Should I change something?


----------



## Whodunit

Magg said:
			
		

> Do you mean that *schmecken* and *mögen* are only used to indicate tastes, flavours and food likes?
> 
> Should I change something?



schmecken = taste (you do it with your mouth)
mögen = like (is used abstractly for every thing)


----------



## Magg

Whodunit said:
			
		

> schmecken = taste (you do it with your mouth)
> mögen = like (is used abstractly for every thing)


Oops!   Good to know!


----------



## Whodunit

Magg said:
			
		

> Oops!   Good to know!



Yes. You're lucky that you asked it here!


----------



## elroy

A few more points:

First, remember that if you use "schmeken" it is the thing tasted, not the person tasting, that is the subject of the sentence.
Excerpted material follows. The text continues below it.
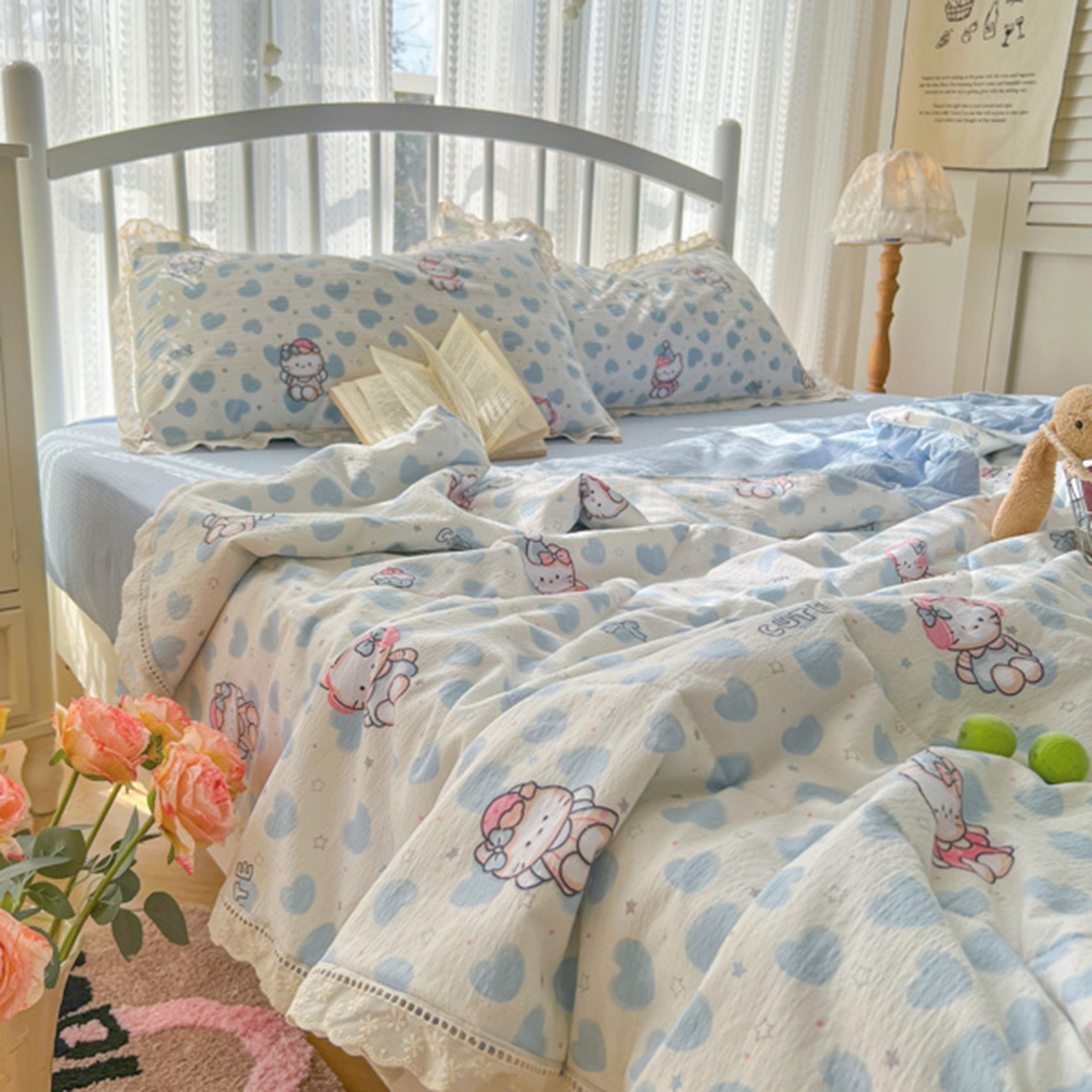 91家纺网 家纺一手货源 找家纺 港岛妹妹 2026新款镂空花边夏被 夏被四件套 爱心凯蒂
Schwein schmeckt mir nicht.   
Ich schmecke kein Schwein.   

I think you already knew that.

As for "mögen," it tends to be used for food, but can be used for other things, especially people.

Ich mag Schwein.
Ich mag dich.

For other equivalents of "like," it will depend on the situation. 

Das Wetter gefällt mir. (better than "Ich mag das Wetter.")
Ich spiele gern Fußball. (better than "Ich mag Fußballspielen" or "Fußballspielen gefällt mir.")

You just have to kind of get a feel for it.


----------



## Whodunit

elroy said:
			
		

> A few more points:
> 
> First, remember that if you use "schmeken" it is the thing tasted, not the person tasting, that is the subject of the sentence.
> 
> Schwein schmeckt mir nicht.
> Ich schmecke kein Schwein.



Yes and no. I could say "Das schmeckt mir nicht (That doesn't taste good to me)", but also "Ich schmecke nichts (I can't taste a thing)"



> Das Wetter gefällt mir.    (better than "Ich mag das Wetter."   )
> Ich spiele gern Fußball.    (better than "Ich mag Fußballspielen"   or "Fußballspielen gefällt mir.")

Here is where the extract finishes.